Customer Experience: The solution improves the experience of the data consumer in terms of finding the data, understanding and using it
Technical Compatibility: The solution is easy to implement with our current technology stack (Drupal / DKAN 7.x-1.18.8 and looking to upgrade to DKAN 1.18.12 and API Gateway)
Scalability: The solution must be scalable, i.e. capable of handling high volume datasets and conduct all basic data functions relating to publishing, organising and displaying the data without requiring third party support or ongoing maintenance
The team has the expertise and ability to deliver a technical solution within the outlined timeframes
The team is collaborative, innovative and possess strong communication skills
The solution provides value for money for Transport for NSW
Frequently Asked Questions (FAQs)
What type of users use the Open Data Hub?
The Open Data Hub is used by all kinds of people, groups and organisations including data consumers from within the Transport for NSW cluster, within NSW Government and general data consumers.
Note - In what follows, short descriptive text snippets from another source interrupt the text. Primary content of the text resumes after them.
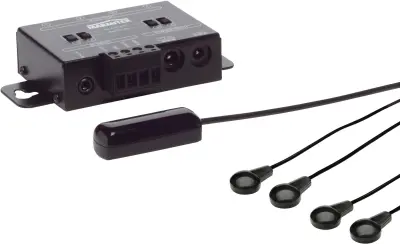 IR nadzor 10 - infrardeči podaljšek, LED diode (lepilne), 4 naprave, največ 300 m, zelo majhen sprejemnik Marmitek IR Control 10 IR razširitev 10 m čr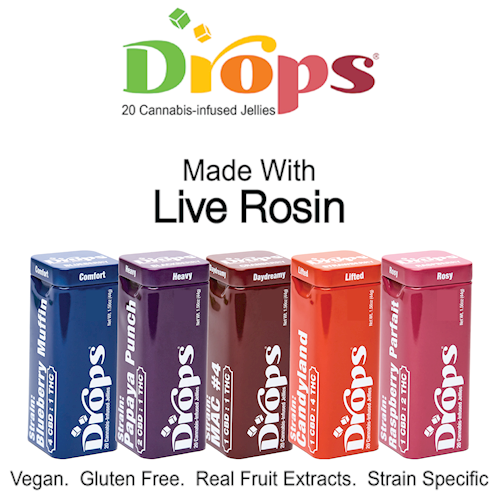 EG Ratio Drops Rosin Gummy - Cranberry/Mac #4 - 20 pack 1:1 - 1.56oz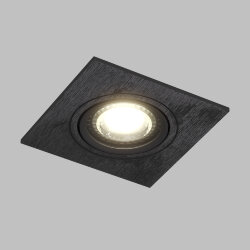 Встраиваемый светильник, IP 20, 10 Вт, GU5.3, LED, черный, пластик, Denkirs DK3021-BK
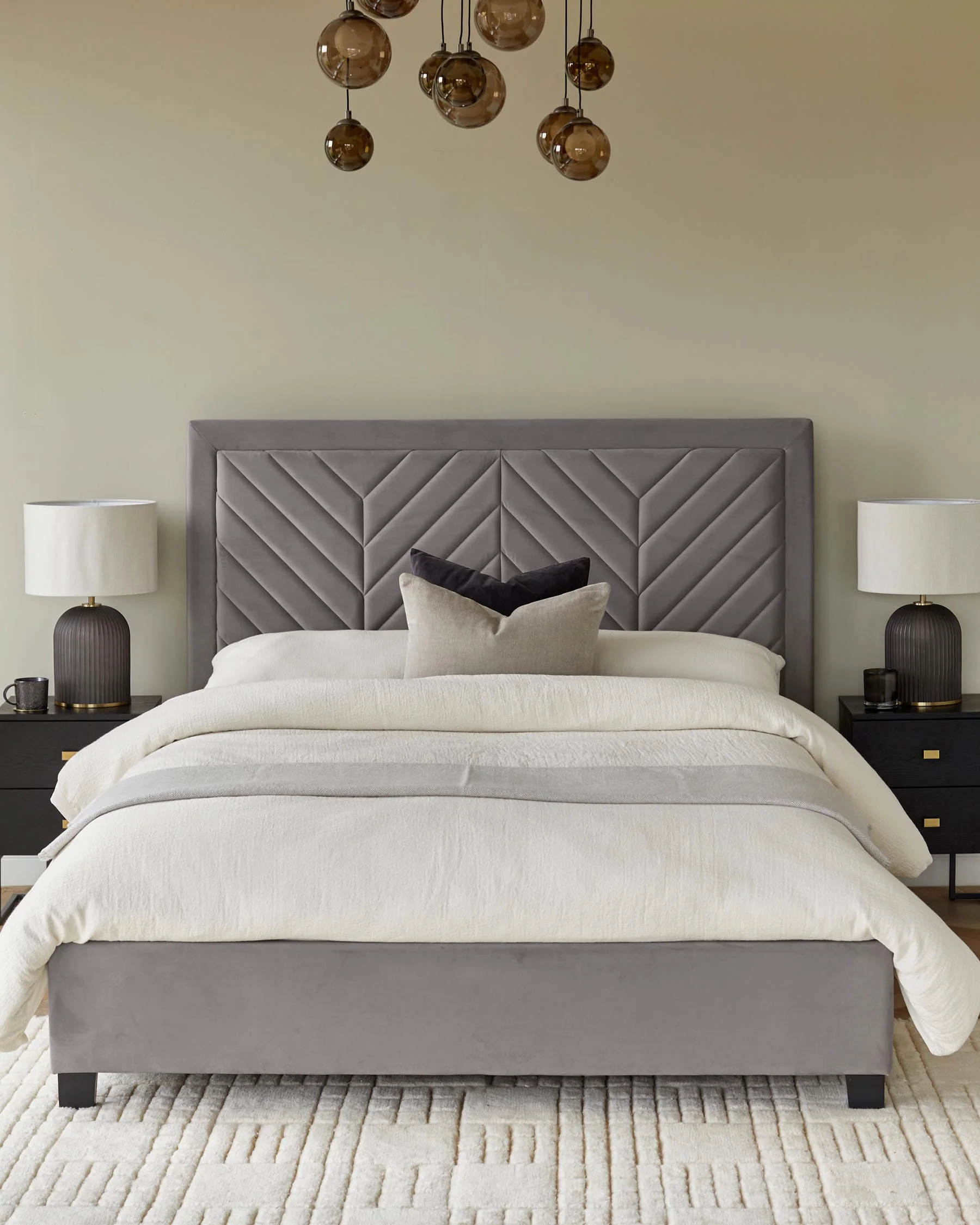 Octavia Grey Velvet Super King Size Ottoman Storage Bed - Image 6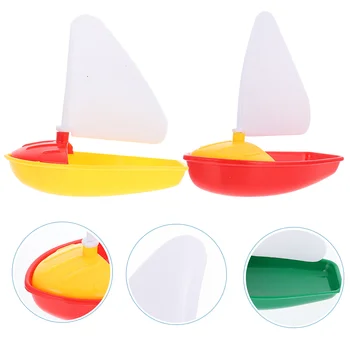 парусники для аквапарка 6шт, пластиковые пляжные игрушки для детей (разные цвета)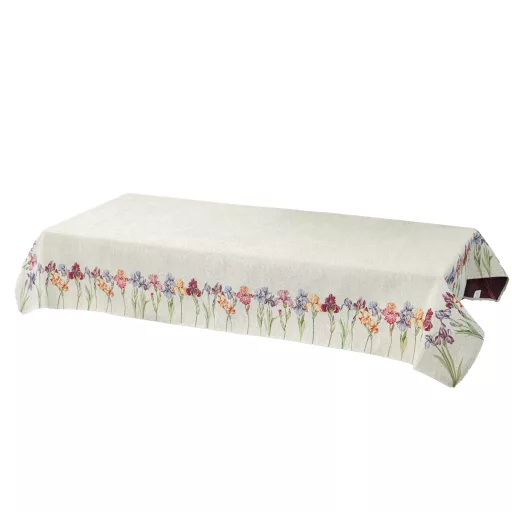 Írisz virágos asztalterítő, 137x180 cm
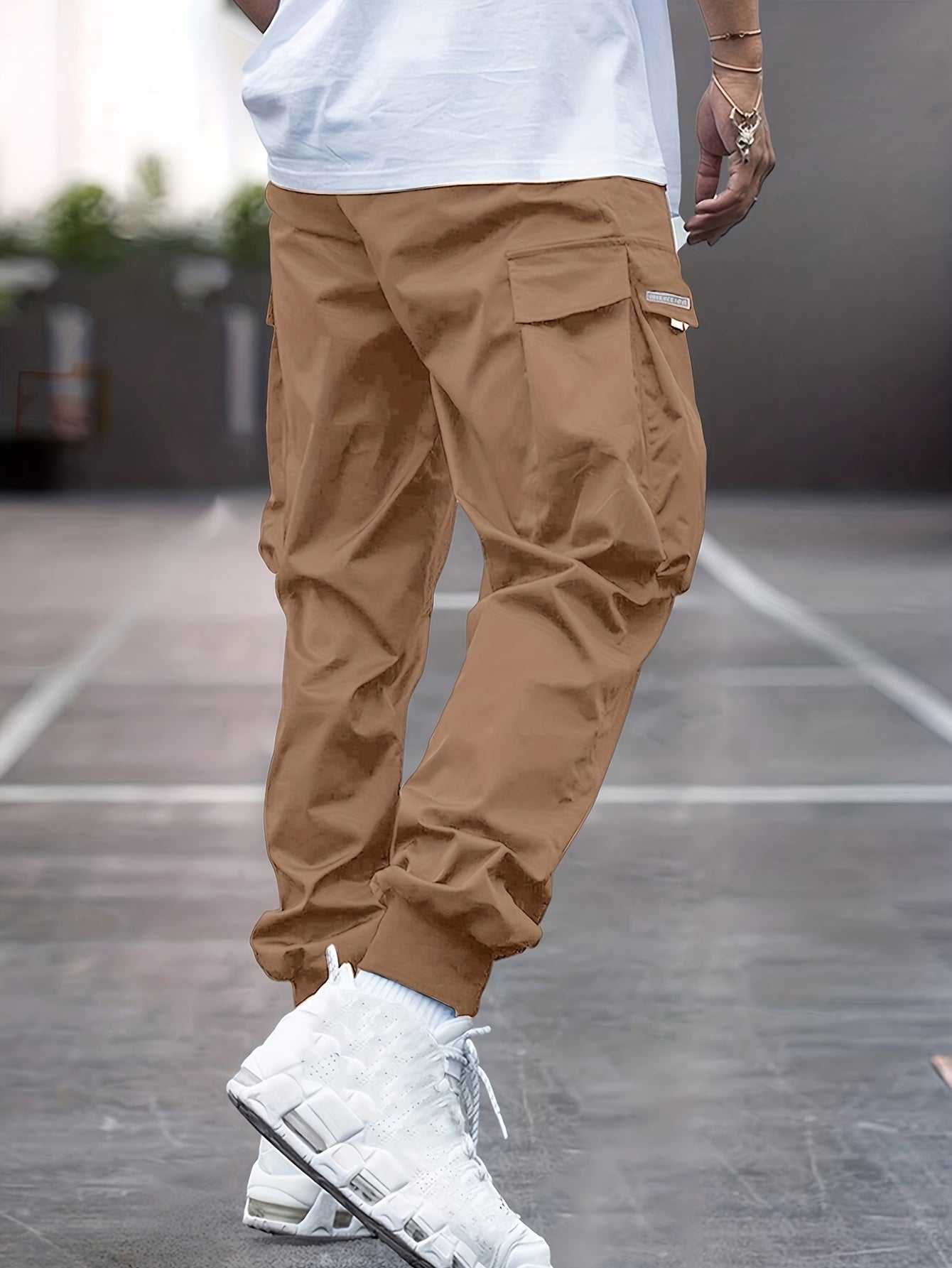 Image of Marco | Men's Drawstring Cargo Trousers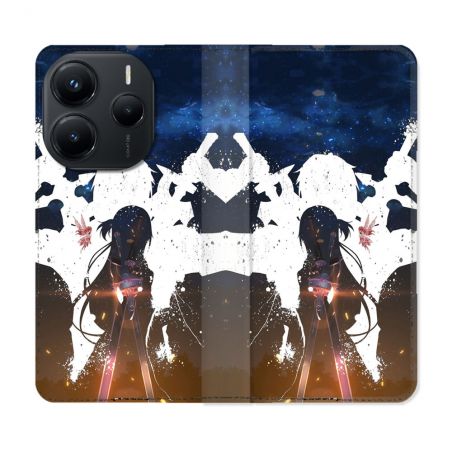 Housse Cuir Portefeuille Pour Xiaomi Redmi Note 14 5G Manga SAO sword Art Online Asuna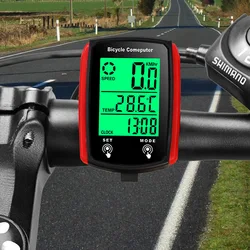 Bicycle Bike LCD Computer Wired Cycling Speed Odometer English Waterproof Bike Accessories Backlit For Day/Night Cycling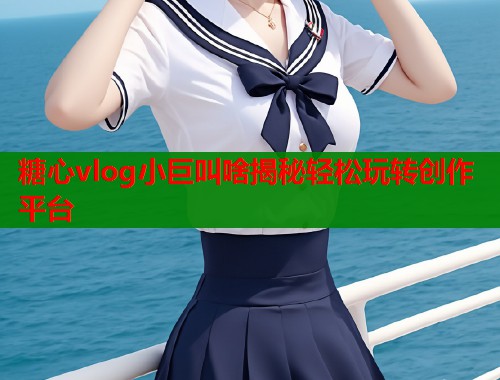 糖心vlog小巨叫啥揭秘轻松玩转创作平台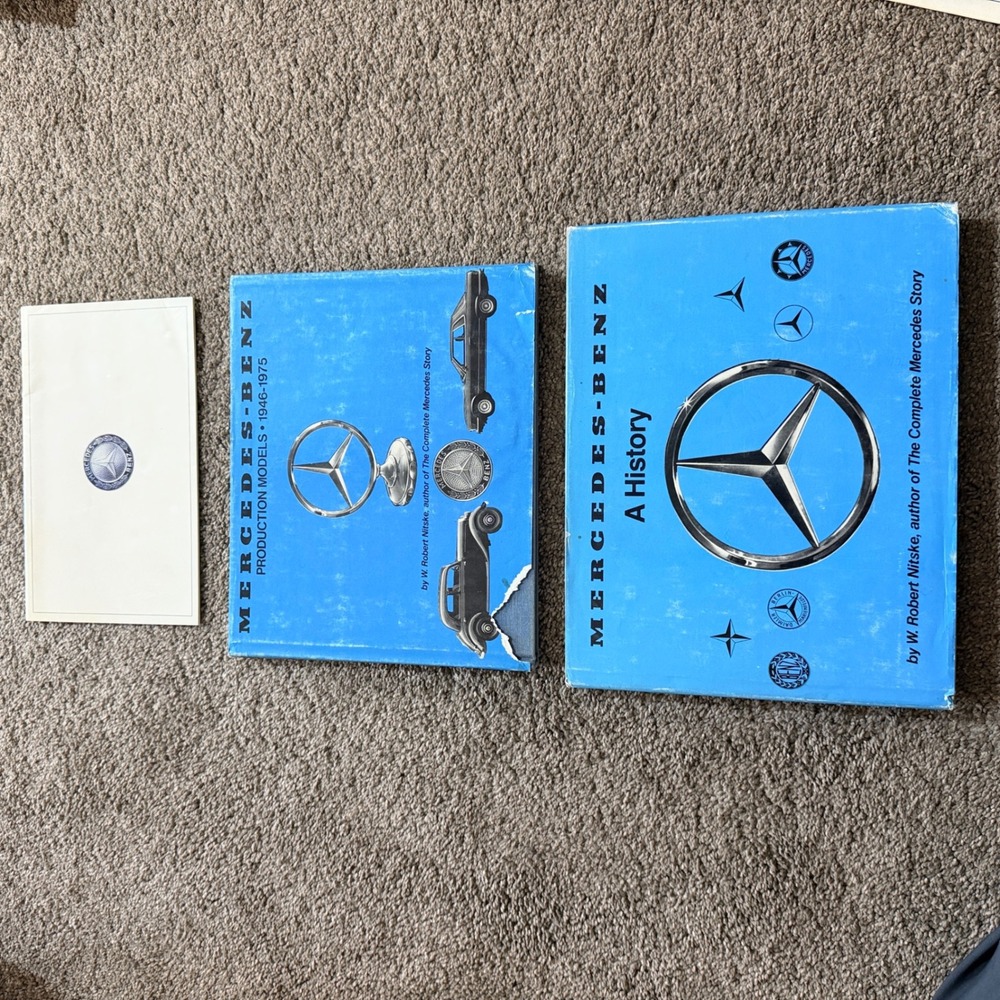 Mercedes-Benz A History & Production Models 1946-1975 Books W. Robert Nitske Set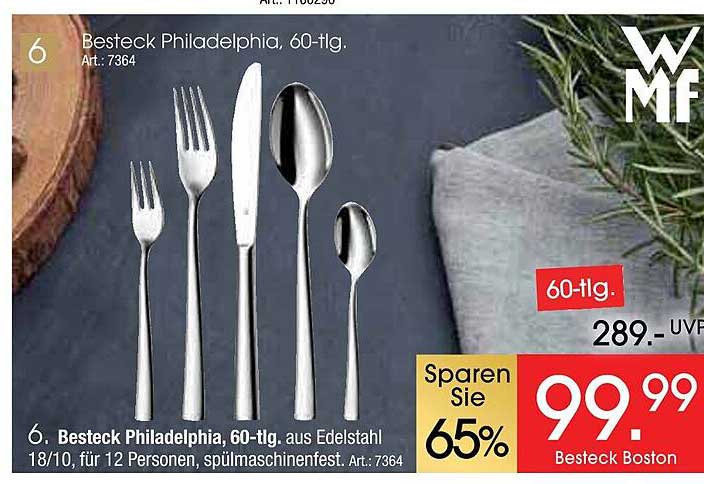 Besteck Philadelphia, 60-tlg.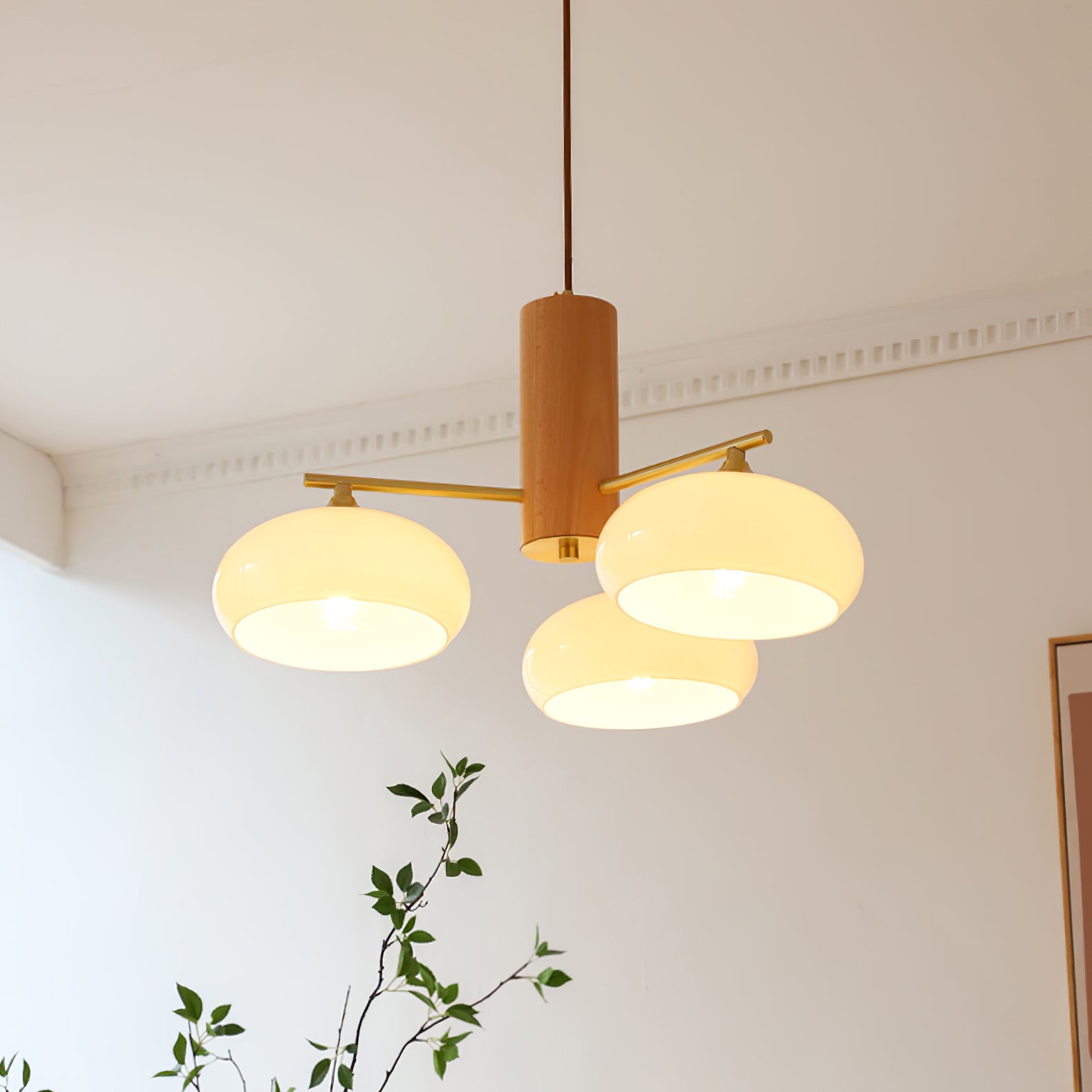 Ellisse Glass Globe Chandelier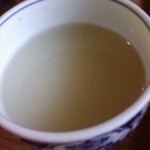 箱根 暁庵 - お客さまが、多いのがわかる、濃い目の蕎麦湯。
Open data is used in limitless number of ways, such as:
- Research for academic applications and public policy
- Technological applications including apps (like public transport planning apps and weather apps), alert systems (such as flood and earthquake alerts)
- Tertiary education purposes
What seed funding is available for the Innovation Challenge?
A seed funding pool of up to $90,000 is available with each solution being eligible for up to $30,000. Solutions will be evaluated on value for money.
When does the solution have to be delivered by?
We expect a solution to be delivered by March 2021 for integration and deployment in April 2021.
What integration is required for the solution to the Open Data Hub?
Our platform can proxy APIs and support DKAN 1.18.x compatible extensions. Your solution could also be a standalone tool.
How do I ask questions about this challenge?
Please ask any questions in the dedicated thread on the Open Data Forum.
What if I just have ideas that are more process than technology driven for how to make the Open Data Hub and data better?
Please provide us with this feedback as we want to make data better! However this will not be eligible for the Make Data Great Innovation Challenge.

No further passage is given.